Hours after Somalia’s ambassador to Kenya walked out of a diplomatic meeting in Nairobi because of the presence of a Somaliland envoy, Kenya’s foreign ministry regretted the “inappropriate presence” of a Somaliland flag, but made no mention of an envoy from the region, which declared independence in 1991.
“The ministry wishes to reaffirm its recognition of the sovereignty of a single federal government of Somalia and the integrity of the federal state of Somalia,” the Kenyan diplomatic statement added.
“Any inconvenience or embarrassment caused by this matter is deeply regretted,” the statement said.

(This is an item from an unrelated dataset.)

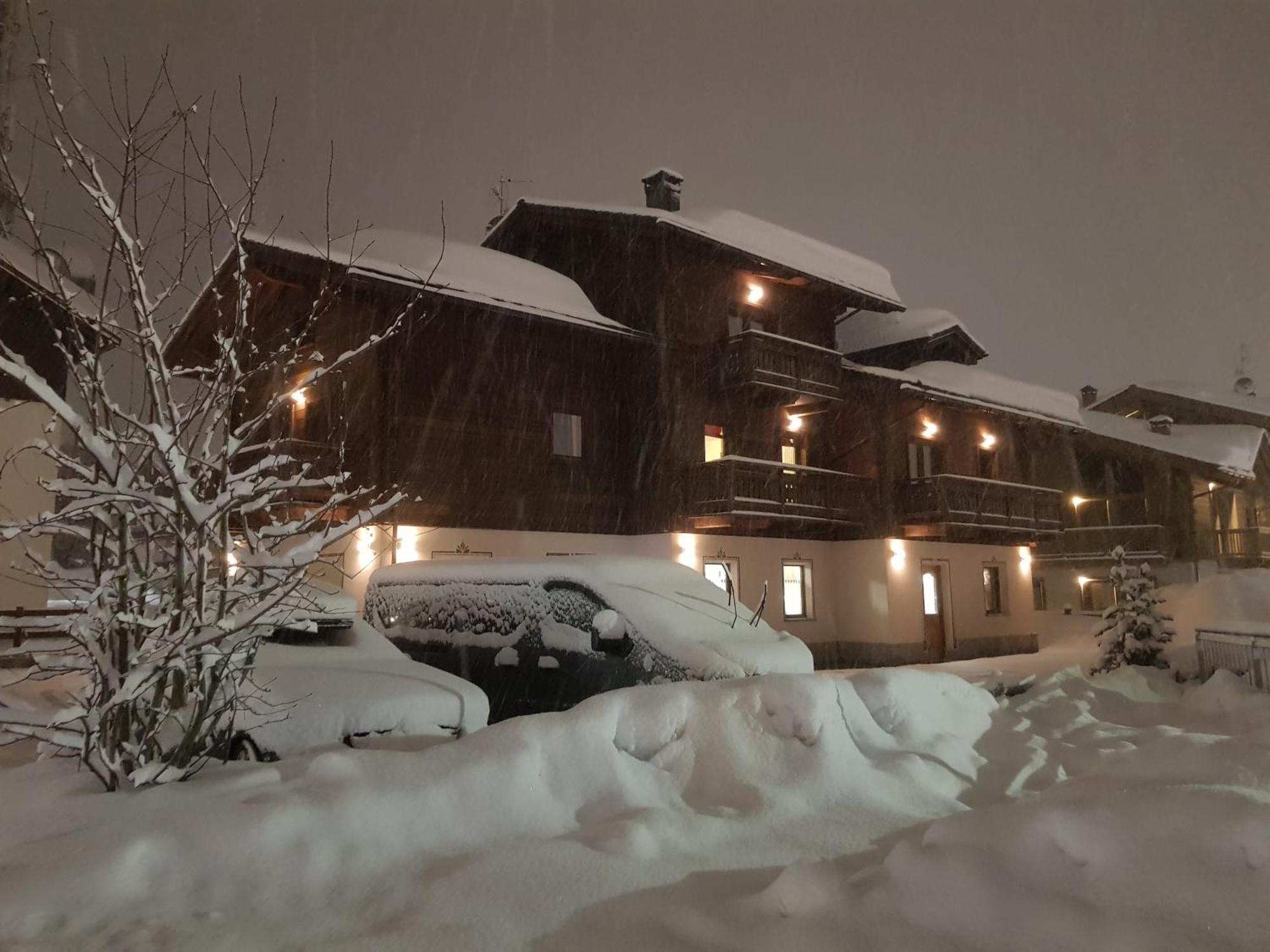 Al Camanel Lägenhet Livigno Exteriör bild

This diplomatic faux pas comes just days after Kenyan President Uhuru Kenyatta visited Mogadishu for the inauguration of Somalia’s newly elected president, Hassan Sheikh Mohamud, marking an easing of relations between the two countries, which were stormy under the previous president Mohamed Abdullahi Mohamed, known as Farmajo.
Somalia also agreed on Friday to lift a ban on airlifting khat from Kenya, which had been in place for over two years.
Mogadishu had severed diplomatic relations with Kenya in December 2020, when Kenyatta received in Nairobi the president of the self-proclaimed republic of Somaliland, which is not recognized by the international community and which Mogadishu considers an integral part of Somalia.
Diplomatic relations were restored in August 2021.
The Somali embassy in Nairobi said Tuesday that it was “unfortunate” that Kenya had “intentionally invited” a Somaliland representative to a diplomatic meeting and granted him “privileges equal to those of a sovereign state despite the protest of the Somali ambassador.
A former British colony, Somaliland has economic relations with a handful of countries around the world, but remains an island of stability compared to Somalia, which has been ravaged by decades of political violence and a deadly Islamist insurgency.